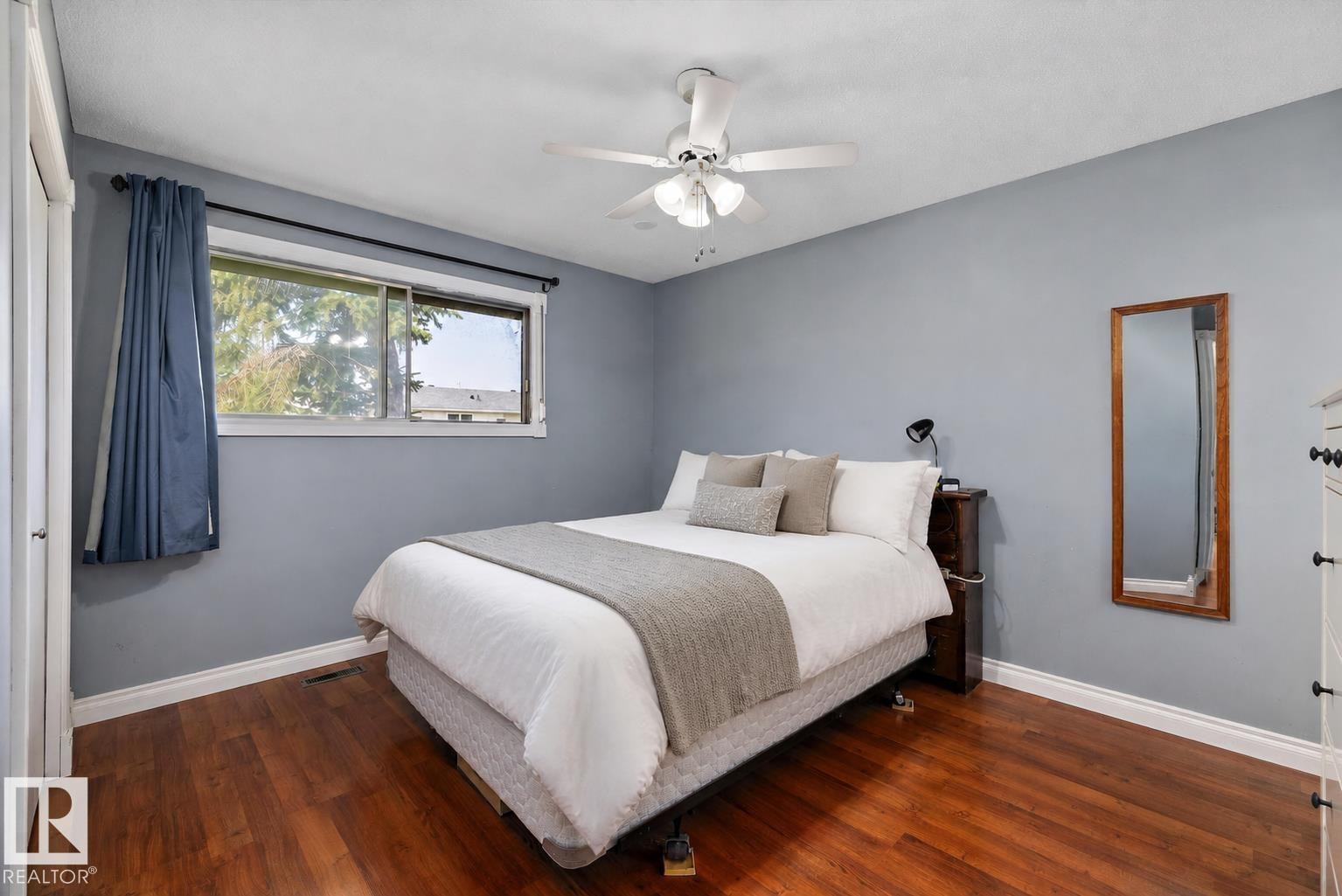 Wood-finish flooring, ceiling fan with integrated lighting, and a window offering natural illumination - 3511 73 Street Nw, Edmonton, AB - Indoor Photo Showing Bedroom
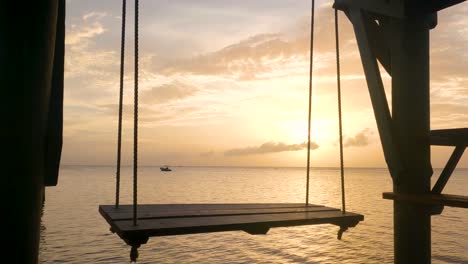 An-empty-wooden-swing-is-swinging-on-a-dock-overlooking-the-ocean-with-a-boat-in-the-orange-rays-of-the-sunset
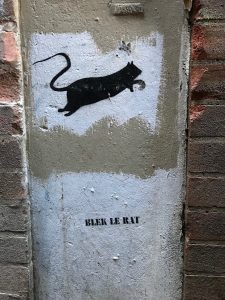A black rat stenciled over white painted background on a building. The words “BLECK LE RAT” appear stenciled below.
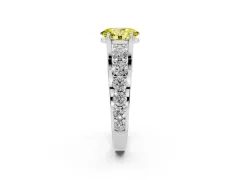 Fancy Yellow Oval Cut Diamond Pavé Engagement Ring Set in Silver with Prong Setting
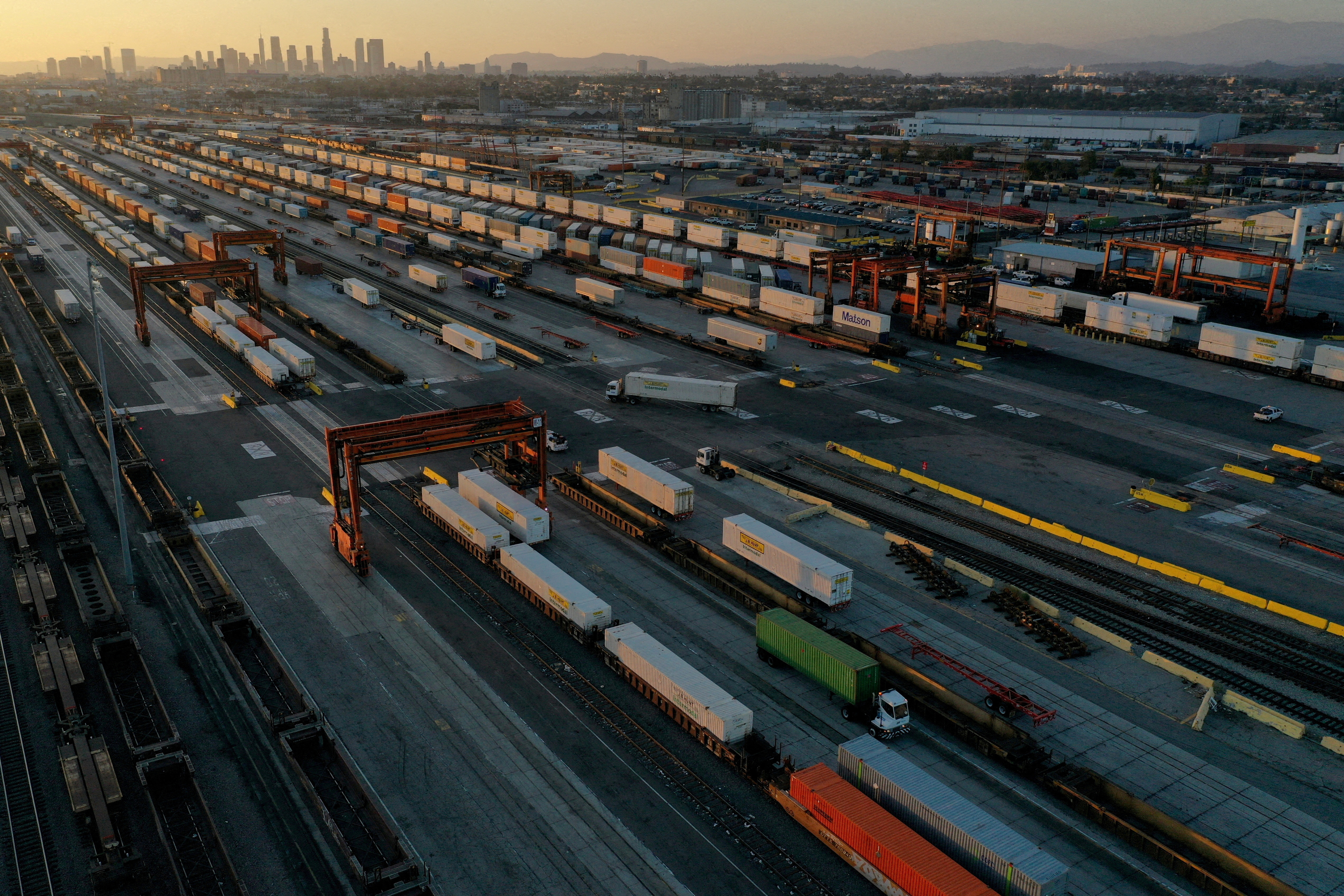 An aerial view of gantry cranes, shipping containers, and freight railway trains  in Commerce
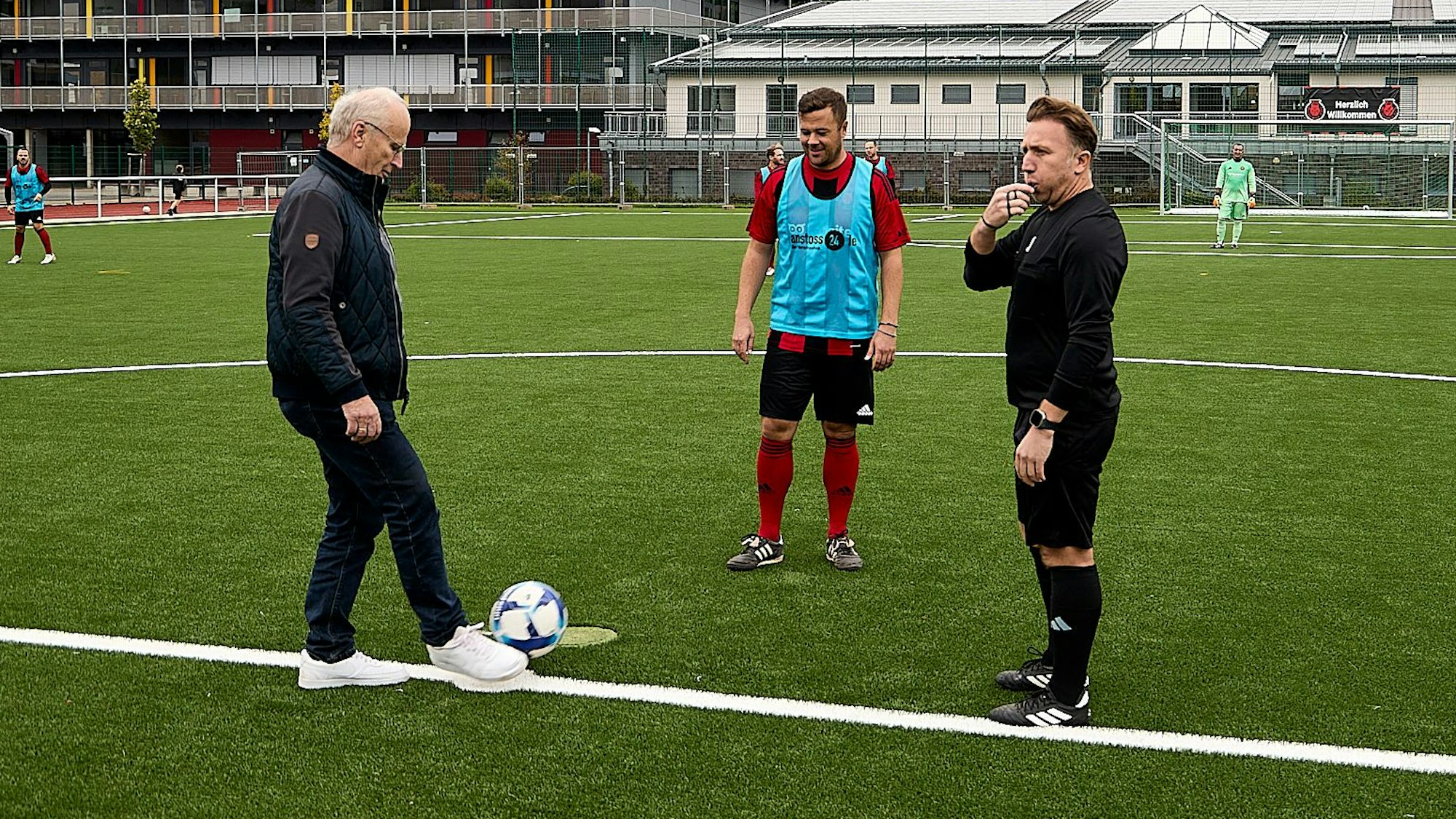 Bürgermeister Dr. Hans-Peter Schick (l.), der dunkle Freizeitkleidung und weiße Sneaker trägt, mit einem Fußballer und dem Schiedsrichter am Mittelkreis des Kunstrasenplatzes in Mechernich.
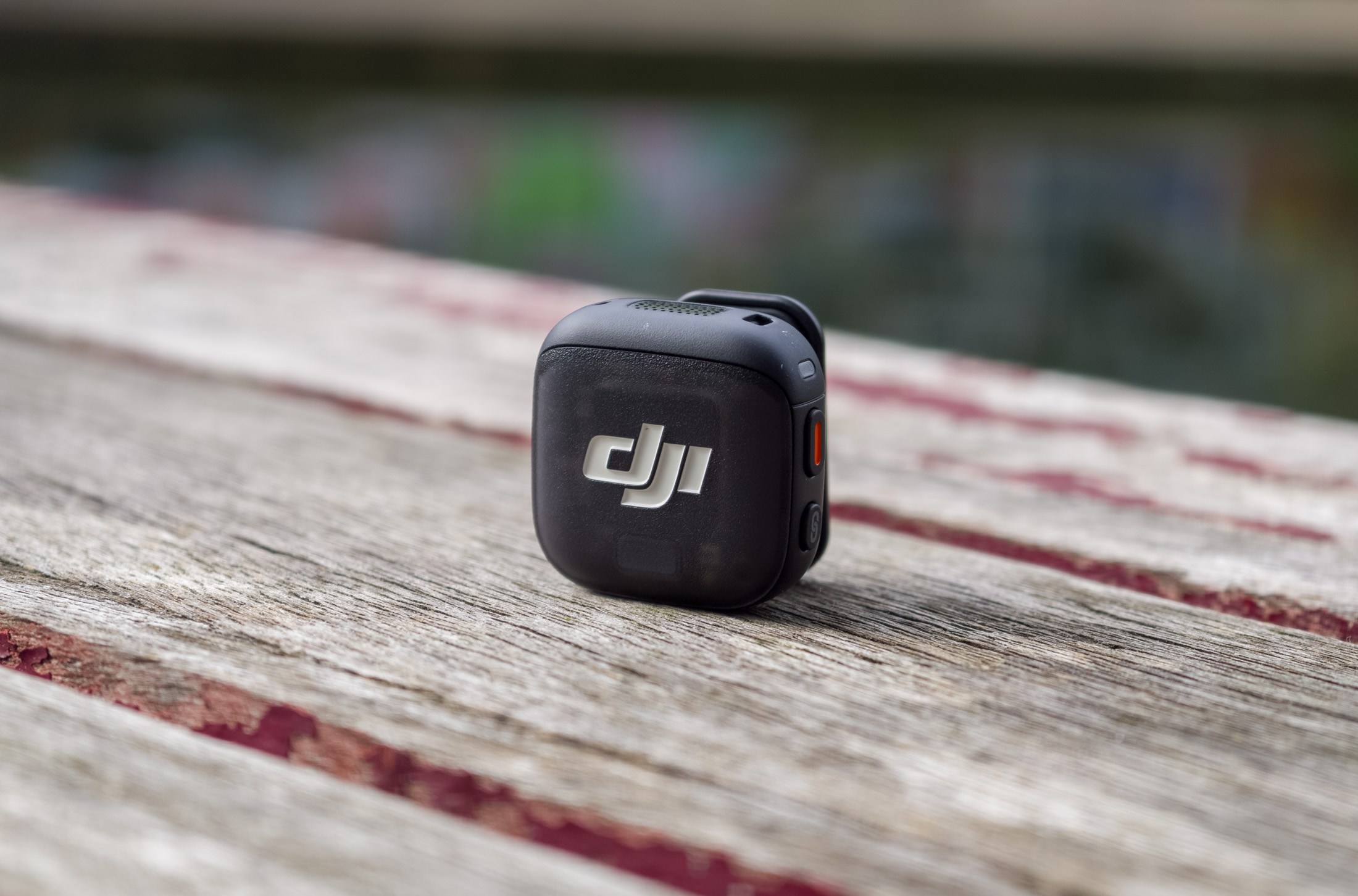 Photo of the DJI Mic 3 on a wooden table in front of a canal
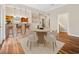 Cozy dining area with modern lighting fixtures and convenient access to the kitchen at 3034 Oak Grove Bend # 34 Ar, Murrells Inlet, SC 29576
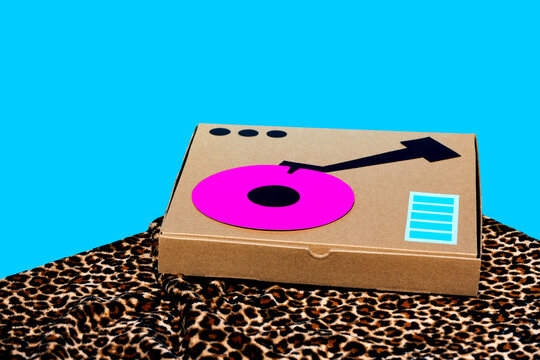 Music controller made on cardboard box over blue background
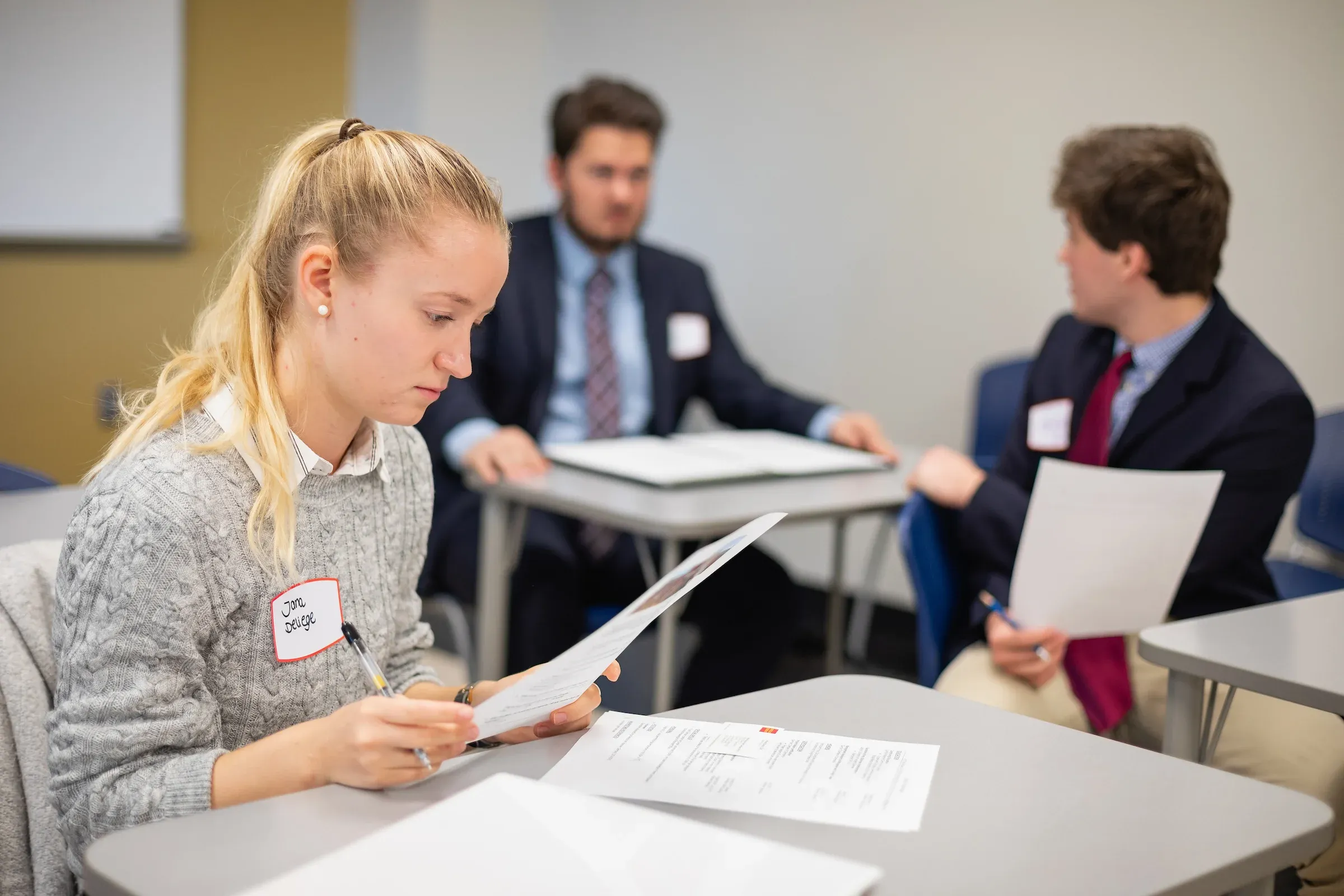 Student reviewing printed results at a table during an event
================
• DESCRIPTION OF THE TASK: Your answer should be the lines from the line containing "An aerial view" through the end of the listing above, output exactly and alone, without the pictures.

• SOLUTION:
 An aerial view of gantry cranes, shipping containers, and freight railway trains  in Commerce
 Bürgermeister Dr. Hans-Peter Schick (l.), der dunkle Freizeitkleidung und weiße Sneaker trägt, mit einem Fußballer und dem Schiedsrichter am Mittelkreis des Kunstrasenplatzes in Mechernich.
 Photo of the DJI Mic 3 on a wooden table in front of a canal
 Cozy dining area with modern lighting fixtures and convenient access to the kitchen at 3034 Oak Grove Bend # 34 Ar, Murrells Inlet, SC 29576
 Music controller made on cardboard box over blue background
 Student reviewing printed results at a table during an event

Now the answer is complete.